Name and describe each of the disparate settings in the story "The Management of Grief" by Bharati Mukherjee.

"The Management of Grief" moves from Canada to Ireland to India and back to Canada.

As the story opens, Indians have gathered in Shaila's home, where she has heard the news that a plane carrying her husband and sons has exploded. A person she doesn't know is making tea, while the television and two radios run. The "phone rings and rings." The home is permeated by industrialized culture: a Sony Walkman, talk of "space debris" and "lasers," a girl in a MacDonald's uniform. The scene feels enclosed, unnatural, claustrophobic. 


Four days later, Shaila is outdoors, in Ireland, "on a rock overlooking a bay in Ireland" where bodies from the wreckage have washed up. There are "June breezes." Rather than spend more time in the Irish hospital that has become a central point for identifying the dead, Shaila and some of the others decide to "spend the day by the waters." Shaila ruins her best sari stepping into the warm sea water where she imagines she might have played with her sons, but where now their dead bodies may be. Dr. Ranganathan floats rose petals for his wife in the water, while Shaila tosses out a poem she has written. They are trying to grieve but are stunned. Irish people hug them on the streets. 


From Ireland, Shaila and some of the others move on to India. Here, Shaila realizes she is trapped "between two modes of knowledge," but also finds comfort visiting a temple in the Himalayas. Here, making an offering of "flowers and sweetmeats" to a tribal god, Shaila is visited by the spirit of her dead husband. While much of this India section involves backstory on Shaila's family history and offers some generic descriptions of the family traveling "to hill stations and beach resorts," at the temple we get a specific description of the scene: Shaila's dead husband descends next to "a scrawny sadhu in moth-eaten robes." Her husband wears "a vanilla suit.' The sadhu "tosses petals on a butter-fed flame ... and sweeps his face of flies." This encounter with the spirit of her dead husband is depicted as more real to Shaila than the rest of her trip to India. 

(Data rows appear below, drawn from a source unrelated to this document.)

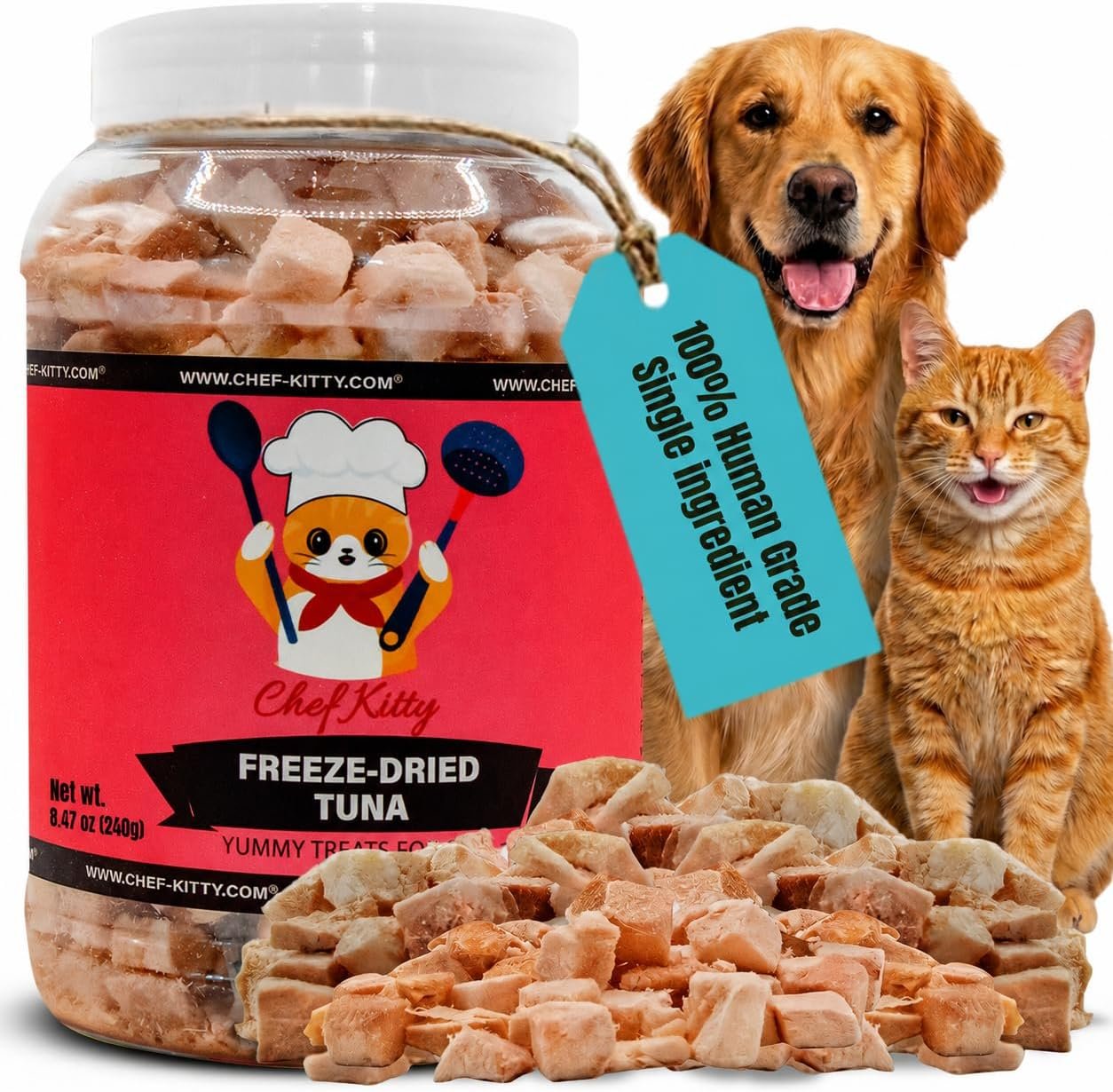 Freeze Dried Tuna Cat Treats, 100% Wild Caught, 8.5 oz | Freeze Dried Fish Dog Treats, High Protein, Single Ingredient, Cat & Dog Food Toppers, No Additives or Preservatives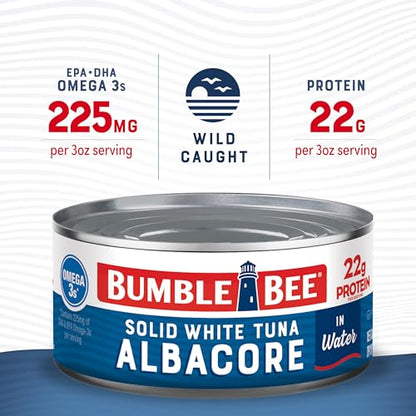 Bumble Bee Solid White Albacore Tuna in Water, 5 oz Can (Pack of 8) - Wild Caught Tuna - 29g Protein per Serving, High in Omega-3s - Non-GMO Project Verified, Gluten Free, Kosher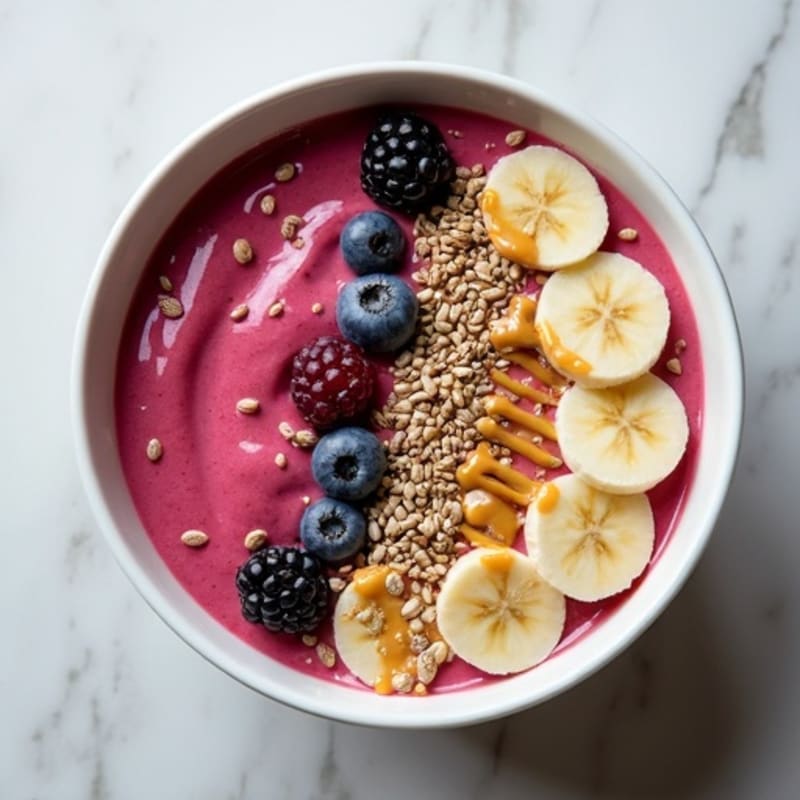 Silky Tofu Protein Smoothie Bowl with Hemp Seeds and Almond Butter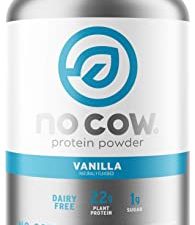 No Cow Vegan Protein Powder, Vanilla, 22g Plant Based Protein, Recyclable Aluminum Container & Scoop, Non Dairy, Soy Free, Low Sugar, Low Net Carb, Gluten Free, Naturally Sweetened, Non GMO, Kosher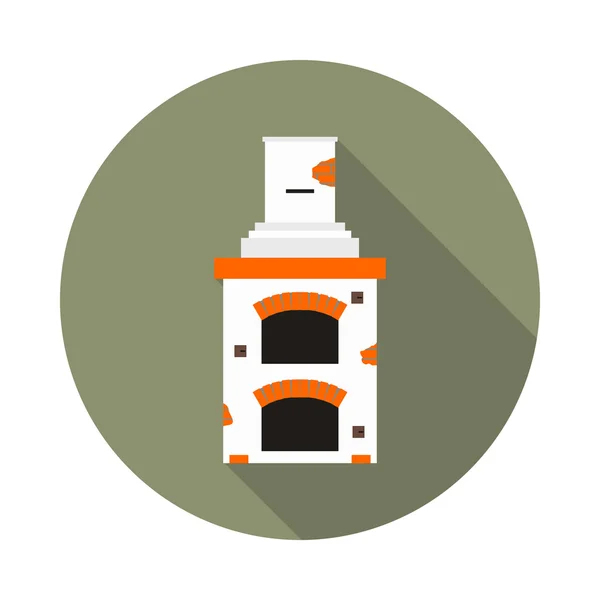 Piso icono chimenea horno de ladrillo — Archivo Imágenes Vectoriales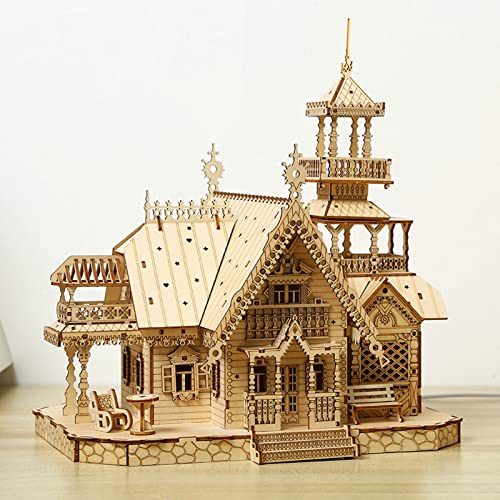 Cuteefun 3D Holz Puzzle Schloss Kit, Architektur Modell Kit, Machen Sie Ihr Eigenes Holzhandwerk Kit für Erwachsene zu Bauen, Holz Mechanische BAU Set, Geschenk zum Geburtstag Vatertag von Cuteefun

Back in Toronto, the landscape is urban, far different from the remote Himalaya village with the temple, or the clubs and resorts of India. Shaila accompanies Judith to a high-rise apartment to visit an Indian couple who have lost a child and are having trouble understanding how to cope with the government, which wants them to sign papers they don't comprehend so that they can get benefits. Their rooms are "dark and stuffy," lit only with an oil lamp, because their electricity has been turned off. They make tea. The scene is an odd hybrid of Indian and Western culture as Shaila tries to bridge the cultural gap by translating between English and Hindi. The scene is claustrophobic and enclosed, as it was at Shaila's house at the beginning. There's also a sense of enclosure as Shaila rides in Judith's car, "looking out the window." It is only as Shaila makes the decision not to try to help Judith, and asks "let me out at the subway," that she begins to become free.   


At the end of the story, the scenery has symbolic significance. It starts out "grey ... icy." Shalia stays "indoors, watching television." Then the weather changes and becomes warmer, with a "clear blue sky." In this setting, Shaila, finally outdoors in Canada, gets the message from her dead relatives that frees her: "Go, be brave." Outdoors, in an open, liberating setting that reflects her new inner freedom and inner clarity, Shaila begins to walk.